Tender tributes were paid yesterday to radio commentator Philip Greene, whose broadcasts were described as compelling listening for those with, or without, an interest in sport.
Mr Greene, who was also head of RTE's sports department prior to his retirement in 1985, died at the weekend aged 90.
He started his career on Radio Eireann in the 1940s and delivered his first live commentary on Ireland's 1-0 defeat by Argentina at Dalymount Park in 1951.
Former journalist Peter Byrne told the congregation in the Church of Our Lady of Perpetual Succour in Foxrock, Co Dublin, of a man who loved few things more in life than watching Ireland and Shamrock Rovers play football.
"Mention the name of Philip Greene to people of a previous generation and it evokes a whole raft of memories of warm sunlit days long, long ago when the sap was still rising and all the skies were blue," he said.
"And if you close your eyes and listen hard enough, you may just hear the roar of a crowd and relive those magical moments when Irish sportsmen were tilting against the odds in some distant clime and a nation hung on every word that fell from the maestro."
Mr Byrne said the broadcaster was a man who was admired by his peers as a master at his craft and someone who was an integral part of the sporting fabric of this country.
"His mastery of the English language was such that he was able to create perfect word pictures so attractive that even people with only a distant, peripheral interest in sport were close to their radios."

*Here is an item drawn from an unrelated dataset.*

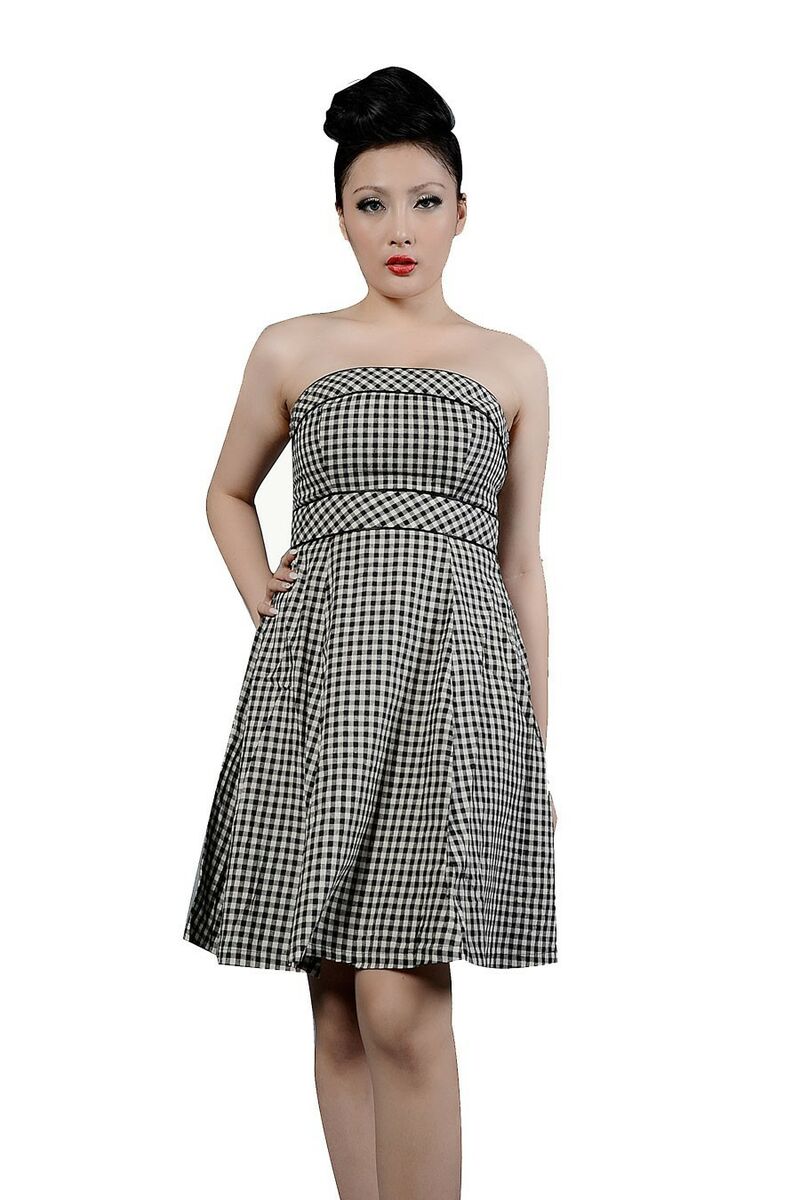 Robe Pin-Up Rétro 50's Rockabilly Vichy Noir Blanc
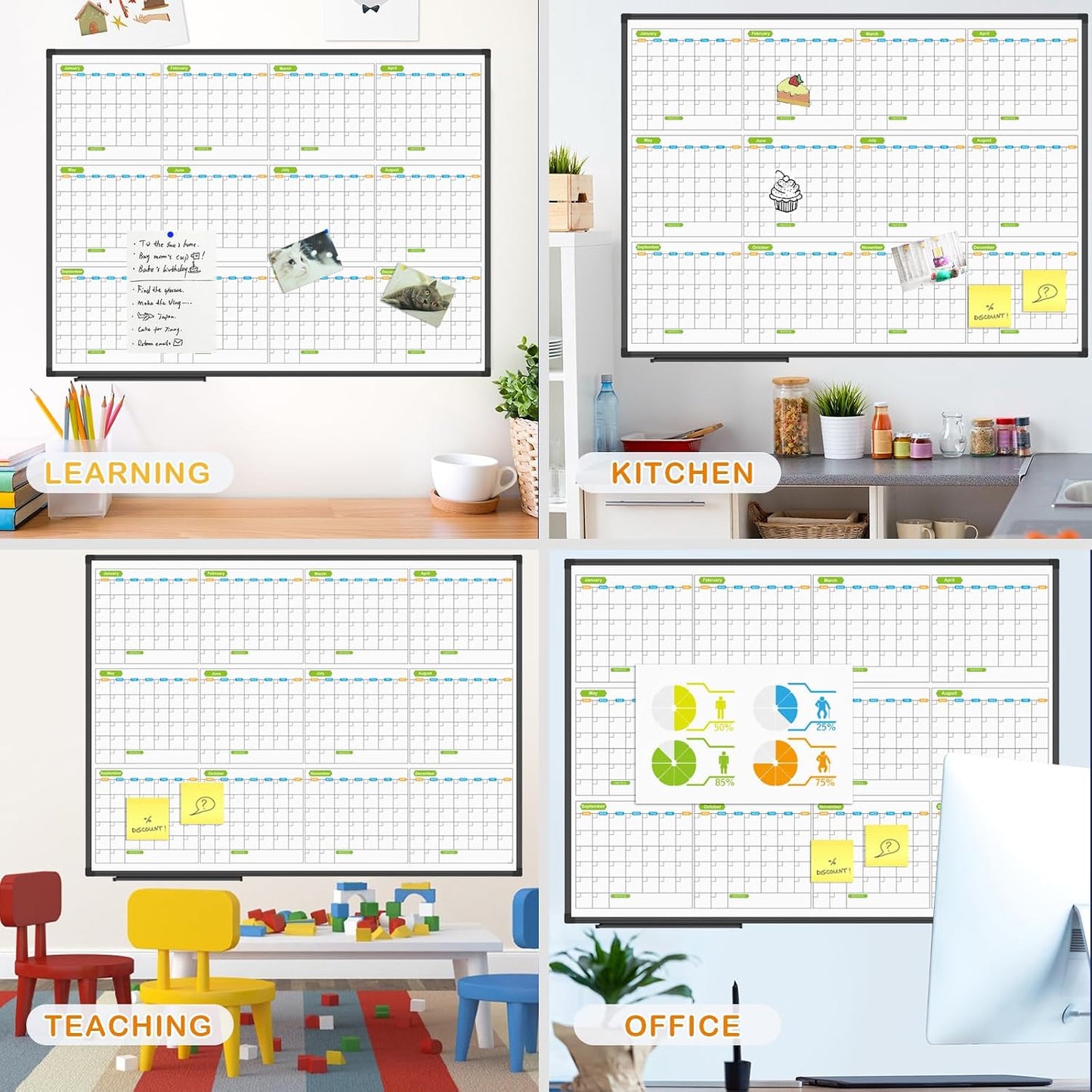 JILoffice Magnetic Dry Erase Calendar Whiteboard, 4 Month White Board Planner 36 X 24 Inch, Black Aluminum Frame Wall Mounted Board for Office Home and School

Mr Greene was also independent-minded and occasionally ruffled feathers, such as the time when he refused to commentate on a game between Ireland and Yugoslavia in 1955, Mr Byrne said. The then Archbishop of Dublin, John Charles McQuaid, had asked the FAI not to proceed with the match because of the persecution of Catholics in Yugoslavia.
Among the mourners were current Shamrock Rovers players Craig Sives, Ryan Thompson and Chris Turner, who helped carry his coffin, former Ireland player Paddy Mulligan, broadcasters Des Cahill and Jim Sherwin, and Fred Cogley, a former head of RTE Sport.
Mr Greene's daughter Rhona said her father "lived his life to the fullest, moment by moment, he loved his work and public life but was also a very quiet, private man who lived for his family and loved them deeply".
Philip Greene is survived by his wife Patricia, sons Philip and Eoin and daughters Rhona and Edeana.